-------- Data extracts

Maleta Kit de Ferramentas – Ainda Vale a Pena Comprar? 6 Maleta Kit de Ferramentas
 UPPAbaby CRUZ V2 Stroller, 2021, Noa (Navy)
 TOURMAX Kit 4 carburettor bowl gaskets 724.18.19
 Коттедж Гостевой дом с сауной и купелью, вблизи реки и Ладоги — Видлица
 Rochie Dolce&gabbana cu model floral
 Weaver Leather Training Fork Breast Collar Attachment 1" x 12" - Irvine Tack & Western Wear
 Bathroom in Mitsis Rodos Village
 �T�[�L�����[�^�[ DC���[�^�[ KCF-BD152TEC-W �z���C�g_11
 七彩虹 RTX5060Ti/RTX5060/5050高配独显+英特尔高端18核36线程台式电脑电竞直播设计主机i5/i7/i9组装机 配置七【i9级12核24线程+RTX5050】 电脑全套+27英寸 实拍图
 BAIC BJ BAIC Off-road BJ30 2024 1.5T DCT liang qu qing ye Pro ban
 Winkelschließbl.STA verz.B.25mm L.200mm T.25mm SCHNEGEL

----------------

### Exercise objective
Repeat only the lines above, from the first line of the entries through the line that contains "Weaver Leather Training", including both ends.

### Written answer
Maleta Kit de Ferramentas – Ainda Vale a Pena Comprar? 6 Maleta Kit de Ferramentas
 UPPAbaby CRUZ V2 Stroller, 2021, Noa (Navy)
 TOURMAX Kit 4 carburettor bowl gaskets 724.18.19
 Коттедж Гостевой дом с сауной и купелью, вблизи реки и Ладоги — Видлица
 Rochie Dolce&gabbana cu model floral
 Weaver Leather Training Fork Breast Collar Attachment 1" x 12" - Irvine Tack & Western Wear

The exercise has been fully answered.